Creating a plot for the top contributors to population health disturbances:
# Load necessary libraries
library(gridExtra)
library(grid)
# Set up plotting area for 2x2 grid (base R)
par(mfrow = c(2, 2), mar = c(11, 6, 3, 2))
# Plot 1: Top 5 by average fatalities
barplot(top5_avg_fatalities$FATALITIES.x,
names.arg = top5_avg_fatalities$EVTYPE,
col = "steelblue",
main = "A) Top 5 Events by Average Fatalities",
xlab = "",
ylab = "Count",
las = 2, # Rotate x-axis labels
cex.names = 0.8) # Adjust the size of event type labels
# Plot 2: Top 5 by average injuries (Use the correct data)
barplot(top5_avg_injuries$INJURIES.x,
names.arg = top5_avg_injuries$EVTYPE,
col = "darkorange",
main = "B) Top 5 Events by Average Injuries",
xlab = "",
ylab = "Count",
las = 2,
cex.names = 0.8)
# Plot 3: Top 5 by total fatalities
barplot(top5_total_fatalities$FATALITIES.y,
names.arg = top5_total_fatalities$EVTYPE,
col = "darkred",
main = "C) Top 5 Events by Total Fatalities",
xlab = "",
ylab = "Count",
las = 2,
cex.names = 0.8)
# Plot 4: Top 5 by total injuries (Use the correct data)

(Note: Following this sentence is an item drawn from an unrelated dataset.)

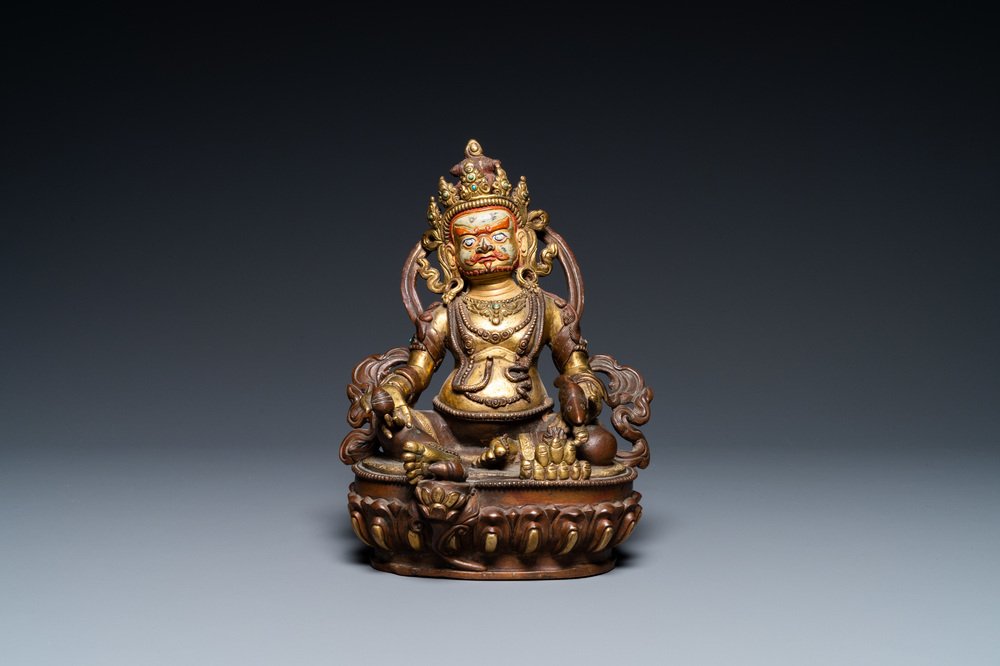 A Sino-Tibetan partly gilt bronze figure of Jambhala with inscriptions on the back, 19th C.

barplot(top5_total_injuries$INJURIES.y,
names.arg = top5_total_injuries$EVTYPE,
col = "green",
main = "D) Top 5 Events by Total Injuries",
xlab = "",
ylab = "Count",
las = 2,
cex.names = 0.8)
Figure 1 Comparing the averages and totals of
fatalities and injuries for the top 5 event types
From the data, we can see that while the average rates for both fatalities and injuries ted to have varying causation, that include hurricanes, heat/cold waves and tornadoes, the Tornado category really takes a commanding presence in the cumulative fatality and injury rates.
Looking into the data collection standards, one weather pattern can cause many tornado touchdowns which means that in one period many different tornado entries for the same weather event. This leads to a dilution of the average fatality and injury rates, while we can see that tornados are clearly the largest contributors to the totals.
Nonetheless, tornadoes are still one of the contributing factors in the highest average fatality rate, so we can safely conclude that tornadoes have historically caused the most deaths in the US.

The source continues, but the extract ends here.